# Description of the task
If pictures appear among the lines below, leave them out while you return exactly the lines from the one with "Familiennamen Bussani" through the one with "3/18/2018 15: 35".

Extracted records:

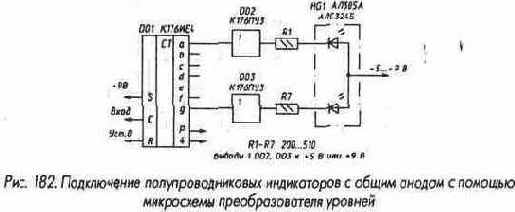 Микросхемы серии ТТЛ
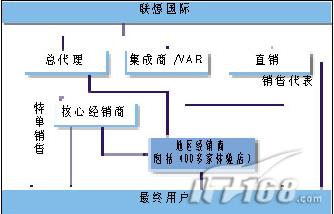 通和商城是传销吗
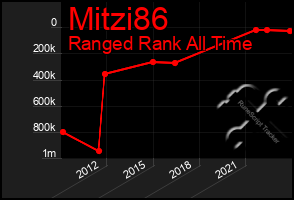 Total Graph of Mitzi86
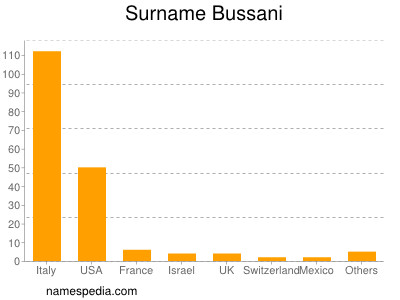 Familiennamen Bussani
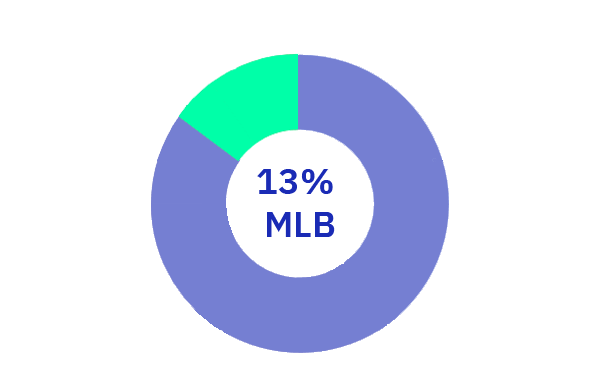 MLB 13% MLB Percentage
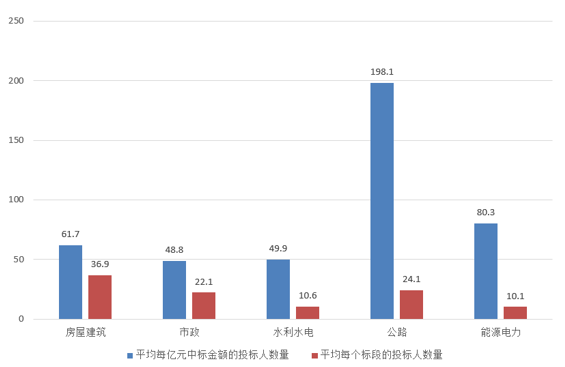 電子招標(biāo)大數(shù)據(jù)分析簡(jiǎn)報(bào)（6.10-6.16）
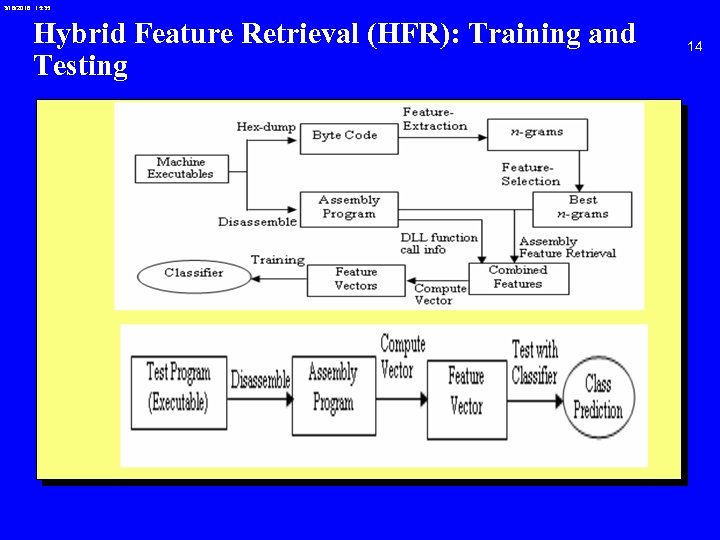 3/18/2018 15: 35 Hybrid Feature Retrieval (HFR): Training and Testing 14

--

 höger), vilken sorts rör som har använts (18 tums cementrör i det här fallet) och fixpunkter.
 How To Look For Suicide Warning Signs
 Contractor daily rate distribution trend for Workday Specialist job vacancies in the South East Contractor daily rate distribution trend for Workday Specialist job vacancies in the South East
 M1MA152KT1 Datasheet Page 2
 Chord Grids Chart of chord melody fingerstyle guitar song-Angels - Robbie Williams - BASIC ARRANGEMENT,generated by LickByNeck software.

# Problem solution
 Familiennamen Bussani
 MLB 13% MLB Percentage
 電子招標(biāo)大數(shù)據(jù)分析簡(jiǎn)報(bào)（6.10-6.16）
 3/18/2018 15: 35 Hybrid Feature Retrieval (HFR): Training and Testing 14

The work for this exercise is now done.